Только такая любовь к человеку есть настоящая, не преумышленная против существа любви и ее задачи, где любящий совершенно не отделяет себя в мысли и не разделяется как бы в самой крови и нервах от любимого.

Покорить брак закону любви…казалось бы, в этом ведь христианство: все — покорять закону согласия, мира, тишины. Но именно в христианстве — не в мусульманстве, не в еврействе — две тысячи лет бьется другой принцип:

Покорить любовь закону брака.

И все в этом задыхаются.

Отцы Церкви были все обывателями Греко-Римской империи, или — чисто Римской: и понятие об «основной социальной клеточке» взяли из окружающей жизни.

Вот почему мои порывы к новой семье, хотя кажутся и суть «антиканонические», но суть подлинно евангельско-библейские стремления, и только анти-греко-римско-языческие, неосторожно взятые в «каноны».

Бог сотворил любовь. Адам и Ева были в любви — и по сему, единственно, Библия их нарекла иш и иша (сопряженные), муж и жена. Любовь древнее «закона брачного». И понятно, что древнейшее и основное не умеет покориться новому и прибавочному.

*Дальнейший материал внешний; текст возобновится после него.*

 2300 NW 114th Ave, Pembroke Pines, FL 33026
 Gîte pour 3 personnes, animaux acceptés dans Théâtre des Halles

Не «существительное» согласуется в роде, числе и падеже с «прилагательным», а «прилагательное» согласуется с «существительным».

И следуйте этому, попы: или, во всяком случае, вам не будут повиноваться.

Будете убивать за это, и все-таки вам повиноваться не будут: по слову Писания — «любовь сильнее даже и смерти».

Любовь есть совершенная отдача себя другому.

«Меня» уже нет, а «все — твое».

Любовь есть чудо. Нравственное чудо.

Что выше, любовь или история любви?

Ах, все «истории любви» все-таки не стоят кусочка «сейчас любви».

Основание моей привязанности — нравственное. Хотя мне все нравилось в ее теле, в фигуре, в слабом коротеньком мизинчике (удивительно изящные руки), в «одной» ямке на щеках (после смерти первого мужа другая ямка исчезла), — но это было то, что только не мешало развиваться нравственной любви.